Databricks Community

payalbhatia · ‎07-21-2024

What if I have lot of empty shuffled partitions due to data skewness

Secondly , if the shuffle partition size is 128 MB and if the size of the key's partition is 700 MB

Kaniz_Fatma · ‎07-22-2024

Empty Shuffled Partitions Due to Data Skewness

Introduce a random “salt” value to the keys to distribute the data more evenly across partitions.
Implement a custom partitioner that distributes the data more evenly based on your specific data distribution.
Use techniques like broadcasting the smaller dataset in a join operation to avoid skew.
Analyze a sample of your data to understand the distribution and adjust your partitioning strategy accordingly.

Managing Large Shuffle Partitions

If your shuffle partition size is set to 128 MB but you have a key partition size of 700 MB, you might face performance issues. Here are some ways to handle this:

Increase the number of shuffle partitions to reduce the size of each partition.

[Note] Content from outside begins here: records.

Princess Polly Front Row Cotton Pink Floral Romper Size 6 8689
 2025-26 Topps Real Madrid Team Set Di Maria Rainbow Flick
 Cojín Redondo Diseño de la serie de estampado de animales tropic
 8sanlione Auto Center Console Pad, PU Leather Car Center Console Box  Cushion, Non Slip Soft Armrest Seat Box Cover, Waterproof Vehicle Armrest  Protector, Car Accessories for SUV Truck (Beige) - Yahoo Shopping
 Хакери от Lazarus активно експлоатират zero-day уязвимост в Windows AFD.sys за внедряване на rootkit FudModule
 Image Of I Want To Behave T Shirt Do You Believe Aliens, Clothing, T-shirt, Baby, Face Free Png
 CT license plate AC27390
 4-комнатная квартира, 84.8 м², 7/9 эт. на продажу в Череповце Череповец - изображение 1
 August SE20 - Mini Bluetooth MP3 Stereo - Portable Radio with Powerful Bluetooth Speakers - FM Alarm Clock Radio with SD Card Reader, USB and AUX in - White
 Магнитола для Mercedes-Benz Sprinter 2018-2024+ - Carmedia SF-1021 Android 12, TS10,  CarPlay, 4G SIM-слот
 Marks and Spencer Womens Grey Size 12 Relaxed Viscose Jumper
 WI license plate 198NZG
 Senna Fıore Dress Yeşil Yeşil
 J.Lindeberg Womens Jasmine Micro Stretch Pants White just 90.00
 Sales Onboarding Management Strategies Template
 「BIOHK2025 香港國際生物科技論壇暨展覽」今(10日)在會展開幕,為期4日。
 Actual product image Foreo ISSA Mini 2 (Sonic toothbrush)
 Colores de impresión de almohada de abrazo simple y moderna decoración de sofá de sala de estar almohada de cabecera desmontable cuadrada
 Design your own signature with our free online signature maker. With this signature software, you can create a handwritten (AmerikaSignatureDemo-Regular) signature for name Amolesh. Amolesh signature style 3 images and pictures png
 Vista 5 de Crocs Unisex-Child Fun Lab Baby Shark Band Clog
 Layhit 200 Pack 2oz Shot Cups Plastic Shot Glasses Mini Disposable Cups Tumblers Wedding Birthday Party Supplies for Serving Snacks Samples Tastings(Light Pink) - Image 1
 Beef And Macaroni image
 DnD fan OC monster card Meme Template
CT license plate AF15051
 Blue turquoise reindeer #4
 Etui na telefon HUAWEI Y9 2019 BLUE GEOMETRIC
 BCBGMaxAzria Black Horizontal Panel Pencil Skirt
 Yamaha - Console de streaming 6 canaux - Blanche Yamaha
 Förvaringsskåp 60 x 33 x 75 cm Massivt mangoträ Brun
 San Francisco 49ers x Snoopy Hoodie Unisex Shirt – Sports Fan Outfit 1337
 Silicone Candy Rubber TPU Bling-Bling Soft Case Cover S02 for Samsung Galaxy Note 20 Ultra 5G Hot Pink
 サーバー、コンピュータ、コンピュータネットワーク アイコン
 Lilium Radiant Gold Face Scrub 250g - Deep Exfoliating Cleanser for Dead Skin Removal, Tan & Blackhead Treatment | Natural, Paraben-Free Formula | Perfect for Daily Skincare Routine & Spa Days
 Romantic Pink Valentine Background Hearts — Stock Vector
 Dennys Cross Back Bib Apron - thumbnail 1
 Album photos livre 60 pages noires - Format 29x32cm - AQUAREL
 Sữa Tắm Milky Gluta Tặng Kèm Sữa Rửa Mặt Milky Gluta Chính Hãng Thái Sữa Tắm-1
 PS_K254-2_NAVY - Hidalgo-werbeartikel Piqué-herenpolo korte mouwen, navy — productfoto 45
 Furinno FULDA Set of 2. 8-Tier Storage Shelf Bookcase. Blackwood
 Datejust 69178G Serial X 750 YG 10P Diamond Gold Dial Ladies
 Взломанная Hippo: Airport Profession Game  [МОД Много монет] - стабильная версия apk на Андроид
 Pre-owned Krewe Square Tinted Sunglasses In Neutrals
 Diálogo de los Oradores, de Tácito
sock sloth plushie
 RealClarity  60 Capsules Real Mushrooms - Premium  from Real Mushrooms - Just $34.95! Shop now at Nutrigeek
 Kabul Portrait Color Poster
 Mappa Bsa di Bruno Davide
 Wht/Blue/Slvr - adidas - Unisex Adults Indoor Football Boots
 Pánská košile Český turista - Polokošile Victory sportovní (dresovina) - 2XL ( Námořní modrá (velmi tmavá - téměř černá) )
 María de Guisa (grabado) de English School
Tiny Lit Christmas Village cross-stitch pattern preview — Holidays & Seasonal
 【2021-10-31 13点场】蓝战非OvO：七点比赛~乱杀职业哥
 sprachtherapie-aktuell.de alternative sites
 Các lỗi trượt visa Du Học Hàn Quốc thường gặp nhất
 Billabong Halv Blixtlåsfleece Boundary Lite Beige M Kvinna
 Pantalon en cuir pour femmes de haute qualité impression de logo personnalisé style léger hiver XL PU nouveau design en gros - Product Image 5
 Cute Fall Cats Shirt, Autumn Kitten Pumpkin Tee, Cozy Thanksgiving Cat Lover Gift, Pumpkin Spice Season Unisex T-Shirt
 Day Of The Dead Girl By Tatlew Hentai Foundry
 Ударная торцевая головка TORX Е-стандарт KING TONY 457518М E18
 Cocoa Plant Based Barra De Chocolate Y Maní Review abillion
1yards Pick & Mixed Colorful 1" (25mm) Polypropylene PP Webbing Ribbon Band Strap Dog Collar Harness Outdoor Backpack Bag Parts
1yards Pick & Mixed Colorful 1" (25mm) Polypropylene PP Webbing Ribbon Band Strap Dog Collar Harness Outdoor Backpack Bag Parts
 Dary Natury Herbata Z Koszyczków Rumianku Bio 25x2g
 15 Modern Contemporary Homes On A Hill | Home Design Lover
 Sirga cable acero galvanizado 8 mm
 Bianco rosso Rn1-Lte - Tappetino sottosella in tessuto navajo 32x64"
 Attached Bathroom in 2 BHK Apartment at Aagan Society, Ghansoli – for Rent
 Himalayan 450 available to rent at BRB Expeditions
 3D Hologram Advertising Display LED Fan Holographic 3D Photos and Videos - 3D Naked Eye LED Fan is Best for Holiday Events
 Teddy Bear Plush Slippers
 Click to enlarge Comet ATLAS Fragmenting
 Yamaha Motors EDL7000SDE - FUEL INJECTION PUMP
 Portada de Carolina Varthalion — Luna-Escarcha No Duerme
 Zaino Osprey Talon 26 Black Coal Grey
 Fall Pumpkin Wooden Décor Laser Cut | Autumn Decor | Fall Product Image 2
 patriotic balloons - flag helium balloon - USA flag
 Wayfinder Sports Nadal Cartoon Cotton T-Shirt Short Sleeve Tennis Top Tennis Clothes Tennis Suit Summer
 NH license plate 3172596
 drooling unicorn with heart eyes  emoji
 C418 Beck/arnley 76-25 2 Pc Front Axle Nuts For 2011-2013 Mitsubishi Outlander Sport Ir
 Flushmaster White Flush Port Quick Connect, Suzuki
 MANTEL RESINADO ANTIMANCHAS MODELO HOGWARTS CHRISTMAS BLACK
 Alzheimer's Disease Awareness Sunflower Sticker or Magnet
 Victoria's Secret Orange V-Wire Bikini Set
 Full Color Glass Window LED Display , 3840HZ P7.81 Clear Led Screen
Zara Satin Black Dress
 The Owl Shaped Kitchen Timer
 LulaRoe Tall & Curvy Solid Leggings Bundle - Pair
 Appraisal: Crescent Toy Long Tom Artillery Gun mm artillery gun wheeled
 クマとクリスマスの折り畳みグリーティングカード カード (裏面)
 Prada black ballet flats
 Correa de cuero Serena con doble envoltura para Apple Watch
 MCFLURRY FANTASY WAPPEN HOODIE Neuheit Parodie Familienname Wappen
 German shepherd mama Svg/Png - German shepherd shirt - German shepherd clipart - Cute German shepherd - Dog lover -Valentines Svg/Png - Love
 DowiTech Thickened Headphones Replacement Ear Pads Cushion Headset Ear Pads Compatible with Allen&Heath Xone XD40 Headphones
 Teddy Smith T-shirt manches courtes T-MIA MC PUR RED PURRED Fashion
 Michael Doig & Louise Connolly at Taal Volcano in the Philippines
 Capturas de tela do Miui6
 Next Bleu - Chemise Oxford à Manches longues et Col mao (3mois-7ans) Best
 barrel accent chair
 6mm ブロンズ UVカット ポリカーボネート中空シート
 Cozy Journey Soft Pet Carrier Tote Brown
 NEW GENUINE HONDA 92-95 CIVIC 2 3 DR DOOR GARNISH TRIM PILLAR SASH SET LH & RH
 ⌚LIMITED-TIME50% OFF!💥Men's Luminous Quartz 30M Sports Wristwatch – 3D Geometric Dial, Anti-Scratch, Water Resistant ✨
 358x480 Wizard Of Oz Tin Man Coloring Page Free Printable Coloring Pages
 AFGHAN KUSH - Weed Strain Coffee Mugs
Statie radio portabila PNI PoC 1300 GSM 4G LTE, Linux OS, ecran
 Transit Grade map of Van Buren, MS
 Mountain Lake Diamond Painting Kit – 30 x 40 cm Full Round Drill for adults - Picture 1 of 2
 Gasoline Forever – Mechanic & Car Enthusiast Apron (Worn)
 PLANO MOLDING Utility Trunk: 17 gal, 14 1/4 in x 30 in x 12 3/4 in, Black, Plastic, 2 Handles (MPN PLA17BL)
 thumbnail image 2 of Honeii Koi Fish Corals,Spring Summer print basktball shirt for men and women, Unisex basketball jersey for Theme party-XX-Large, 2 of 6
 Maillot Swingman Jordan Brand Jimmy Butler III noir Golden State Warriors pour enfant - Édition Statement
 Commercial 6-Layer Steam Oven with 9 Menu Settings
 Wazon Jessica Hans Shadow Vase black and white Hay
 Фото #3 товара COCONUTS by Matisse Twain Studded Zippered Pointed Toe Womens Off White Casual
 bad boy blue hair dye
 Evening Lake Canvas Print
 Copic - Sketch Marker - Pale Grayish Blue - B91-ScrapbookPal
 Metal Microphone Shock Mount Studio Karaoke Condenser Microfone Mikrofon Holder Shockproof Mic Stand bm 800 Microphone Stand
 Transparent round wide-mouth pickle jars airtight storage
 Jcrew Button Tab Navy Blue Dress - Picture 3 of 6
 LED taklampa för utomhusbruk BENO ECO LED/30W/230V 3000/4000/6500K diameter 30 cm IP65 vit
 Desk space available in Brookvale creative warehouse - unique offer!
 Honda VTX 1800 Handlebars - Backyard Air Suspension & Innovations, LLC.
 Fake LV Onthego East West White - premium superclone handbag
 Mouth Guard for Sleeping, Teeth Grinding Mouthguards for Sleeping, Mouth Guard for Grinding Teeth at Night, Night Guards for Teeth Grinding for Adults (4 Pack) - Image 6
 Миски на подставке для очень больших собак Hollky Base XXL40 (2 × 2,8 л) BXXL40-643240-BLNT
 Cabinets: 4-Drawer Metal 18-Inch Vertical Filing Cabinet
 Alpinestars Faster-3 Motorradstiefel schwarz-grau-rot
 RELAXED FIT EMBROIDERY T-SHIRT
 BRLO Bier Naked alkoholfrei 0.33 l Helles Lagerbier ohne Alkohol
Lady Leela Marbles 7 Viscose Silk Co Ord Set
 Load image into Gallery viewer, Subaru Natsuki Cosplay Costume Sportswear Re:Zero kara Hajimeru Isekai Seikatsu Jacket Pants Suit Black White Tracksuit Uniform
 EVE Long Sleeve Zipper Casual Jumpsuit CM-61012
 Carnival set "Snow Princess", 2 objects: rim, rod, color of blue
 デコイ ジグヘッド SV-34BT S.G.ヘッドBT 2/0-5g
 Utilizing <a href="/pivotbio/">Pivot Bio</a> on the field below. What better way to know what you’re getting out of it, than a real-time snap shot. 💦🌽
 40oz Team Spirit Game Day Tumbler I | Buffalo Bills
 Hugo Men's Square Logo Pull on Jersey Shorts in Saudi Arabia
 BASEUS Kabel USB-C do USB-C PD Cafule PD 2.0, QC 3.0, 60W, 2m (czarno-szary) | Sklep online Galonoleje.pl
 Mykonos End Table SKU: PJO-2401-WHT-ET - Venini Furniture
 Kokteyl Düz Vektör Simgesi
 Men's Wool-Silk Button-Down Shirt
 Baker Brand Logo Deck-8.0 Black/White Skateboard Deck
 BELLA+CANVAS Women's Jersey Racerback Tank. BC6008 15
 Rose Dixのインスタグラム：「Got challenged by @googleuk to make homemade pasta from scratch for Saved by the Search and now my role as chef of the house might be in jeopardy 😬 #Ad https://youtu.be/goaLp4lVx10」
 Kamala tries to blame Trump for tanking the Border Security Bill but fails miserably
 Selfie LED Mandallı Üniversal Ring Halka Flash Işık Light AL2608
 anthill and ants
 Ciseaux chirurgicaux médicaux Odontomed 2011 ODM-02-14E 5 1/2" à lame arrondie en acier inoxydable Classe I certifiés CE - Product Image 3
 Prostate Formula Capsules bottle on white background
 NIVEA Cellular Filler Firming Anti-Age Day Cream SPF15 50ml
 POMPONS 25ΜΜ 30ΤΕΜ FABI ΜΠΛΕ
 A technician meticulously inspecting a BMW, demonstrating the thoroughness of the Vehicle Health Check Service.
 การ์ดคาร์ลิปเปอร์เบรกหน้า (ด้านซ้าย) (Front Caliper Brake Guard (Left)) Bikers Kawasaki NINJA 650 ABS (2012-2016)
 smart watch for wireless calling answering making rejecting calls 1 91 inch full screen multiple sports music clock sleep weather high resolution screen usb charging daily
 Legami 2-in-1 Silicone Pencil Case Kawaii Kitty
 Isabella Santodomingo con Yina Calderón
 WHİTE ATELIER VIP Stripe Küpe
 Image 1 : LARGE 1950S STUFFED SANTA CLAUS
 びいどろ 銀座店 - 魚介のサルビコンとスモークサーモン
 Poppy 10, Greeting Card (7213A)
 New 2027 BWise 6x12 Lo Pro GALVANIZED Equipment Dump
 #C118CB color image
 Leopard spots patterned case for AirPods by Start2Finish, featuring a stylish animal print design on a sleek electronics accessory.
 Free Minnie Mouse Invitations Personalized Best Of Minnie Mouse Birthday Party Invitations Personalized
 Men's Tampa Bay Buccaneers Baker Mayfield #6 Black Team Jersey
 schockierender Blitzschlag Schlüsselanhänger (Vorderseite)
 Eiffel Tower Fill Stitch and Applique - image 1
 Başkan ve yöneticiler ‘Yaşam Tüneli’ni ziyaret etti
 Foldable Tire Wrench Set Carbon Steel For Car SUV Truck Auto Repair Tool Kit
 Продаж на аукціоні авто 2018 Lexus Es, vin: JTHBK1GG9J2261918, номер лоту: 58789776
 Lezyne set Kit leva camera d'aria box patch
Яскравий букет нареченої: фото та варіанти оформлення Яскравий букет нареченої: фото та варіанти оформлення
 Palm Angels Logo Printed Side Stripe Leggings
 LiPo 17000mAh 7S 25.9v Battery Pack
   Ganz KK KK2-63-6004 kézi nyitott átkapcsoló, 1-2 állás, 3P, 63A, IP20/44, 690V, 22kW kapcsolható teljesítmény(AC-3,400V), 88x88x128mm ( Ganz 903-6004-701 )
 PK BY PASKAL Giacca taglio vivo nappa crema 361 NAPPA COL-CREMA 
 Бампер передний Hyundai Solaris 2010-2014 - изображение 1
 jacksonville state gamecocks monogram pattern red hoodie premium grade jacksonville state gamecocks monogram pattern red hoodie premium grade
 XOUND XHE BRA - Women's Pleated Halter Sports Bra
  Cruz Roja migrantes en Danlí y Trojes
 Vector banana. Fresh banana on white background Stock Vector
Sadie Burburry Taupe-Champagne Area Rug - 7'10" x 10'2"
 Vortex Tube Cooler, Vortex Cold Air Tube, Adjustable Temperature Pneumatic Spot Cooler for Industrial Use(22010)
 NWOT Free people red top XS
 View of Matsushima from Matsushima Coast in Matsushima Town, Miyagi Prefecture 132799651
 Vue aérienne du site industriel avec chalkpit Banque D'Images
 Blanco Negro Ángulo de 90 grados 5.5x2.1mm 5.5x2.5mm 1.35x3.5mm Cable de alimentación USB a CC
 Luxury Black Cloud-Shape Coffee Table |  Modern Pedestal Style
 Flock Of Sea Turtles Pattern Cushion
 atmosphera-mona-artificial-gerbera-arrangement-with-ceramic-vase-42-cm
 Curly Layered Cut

You can do this by setting spark.sql.shuffle.partitions to a higher value.
Enable AQE in Spark, which can dynamically optimize the number of shuffle partitions based on the runtime statistics.
Explicitly repartition your data before the shuffle operation to ensure a more balanced distribution.
Ensure that the input file sizes are optimized to match the shuffle partition size, reducing the need for large partitions.

Would you like more detailed guidance on any of these strategies?